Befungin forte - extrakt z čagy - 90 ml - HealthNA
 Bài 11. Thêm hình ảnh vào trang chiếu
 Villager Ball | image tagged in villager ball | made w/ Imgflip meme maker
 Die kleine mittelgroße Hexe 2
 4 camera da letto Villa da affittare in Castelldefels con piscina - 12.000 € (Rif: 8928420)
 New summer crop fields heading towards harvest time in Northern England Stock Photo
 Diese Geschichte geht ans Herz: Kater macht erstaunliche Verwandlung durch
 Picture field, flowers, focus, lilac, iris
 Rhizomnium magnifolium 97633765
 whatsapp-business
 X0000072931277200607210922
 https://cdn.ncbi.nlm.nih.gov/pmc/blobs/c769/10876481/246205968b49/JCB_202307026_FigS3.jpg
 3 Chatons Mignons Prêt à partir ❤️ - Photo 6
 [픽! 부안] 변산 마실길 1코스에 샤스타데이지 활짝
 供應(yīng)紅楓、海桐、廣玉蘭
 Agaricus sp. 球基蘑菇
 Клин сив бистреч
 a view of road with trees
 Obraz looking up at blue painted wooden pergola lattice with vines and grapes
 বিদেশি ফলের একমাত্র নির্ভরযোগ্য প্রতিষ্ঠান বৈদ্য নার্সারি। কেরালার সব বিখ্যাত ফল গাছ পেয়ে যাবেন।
● ● ● ●
**Exercise description**
Your output should be the lines from the one with "Obraz looking up" through the last line of the entries above, copied exactly and nothing more.

**Answer section**
 Obraz looking up at blue painted wooden pergola lattice with vines and grapes
 বিদেশি ফলের একমাত্র নির্ভরযোগ্য প্রতিষ্ঠান বৈদ্য নার্সারি। কেরালার সব বিখ্যাত ফল গাছ পেয়ে যাবেন।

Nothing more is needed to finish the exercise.